Doué des qualités humaines qui faisaient de lui un agréable compagnon de vie et de travail, Gabriel était clair dans ses opinions qui étaient toujours le fruit d’une belle et profonde pensée, cultivée, renseignée et dont le l’axe était toujours l’annonce de l’Évangile et le service de l’Église. Intellectuellement et spirituellement nourri par la tradition dominicaine, il était animé par la transmission de l’Évangile en particulier grâce à la prédication et à la catéchèse.
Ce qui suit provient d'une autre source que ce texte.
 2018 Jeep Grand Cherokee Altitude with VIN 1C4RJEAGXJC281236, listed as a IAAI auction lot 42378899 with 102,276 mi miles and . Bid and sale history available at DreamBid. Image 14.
Lors de liturgies qu’il désirait belles et signifiantes, il prenait toujours soin de goûter l’Écriture pour lui-même avant de la transmettre aux fidèles. Attentif aux personnes, il était aussi fin diplomate afin de toujours veiller à l’unité et à la communion des groupes et des paroisses qui lui étaient confiés.

Chez Cent Mille Milliards, nous avions rencontré Gabriel à Saint François de Molitor et eu la chance de discuter avec lui à de nombreuses reprises, notamment pendant la catéchèse. À l’occasion de son départ pour Saint François de Sales, nous avions rassemblé une sélection de ses homélies, patiemment recueillies et retranscrites dimanche après dimanche par des paroissiennes, au sein d’un exemplaire unique que nous lui avions offert. Il est vrai que ses éclairages sur les Écritures, toujours clairs, subtils, d’une efficacité et d’un enthousiasme irrésistibles, nous avaient éblouis tout au long de ses années. Surpris, Gabriel avait été touché par le fait de tenir en main un livre composé de ses propres paroles et, surtout, étonné d’en avoir autant dites… À la demande des paroissiens et avec son accord ainsi que son concours, nous avions publié fin 2014 en deux volumes la plupart de ses homélies prononcées à Saint François de Molitor.

En juin 2017, nous avions convenu ensemble de réimprimer ses homélies après un tri effectué avec lui, retirant celles qui se répétaient et ajoutant celles qui manquaient dans le calendrier liturgique. Gabriel avait également demandé de compléter l’ouvrage par un index des noms cités et des thèmes. C’était le travail de l’été… L’annonce de sa mort nous stupéfie, sidère, désole, accable, consterne, attriste infiniment. Bien sûr, nous allons prendre contact avec sa famille afin de voir ce qu’elle souhaite que nous fassions.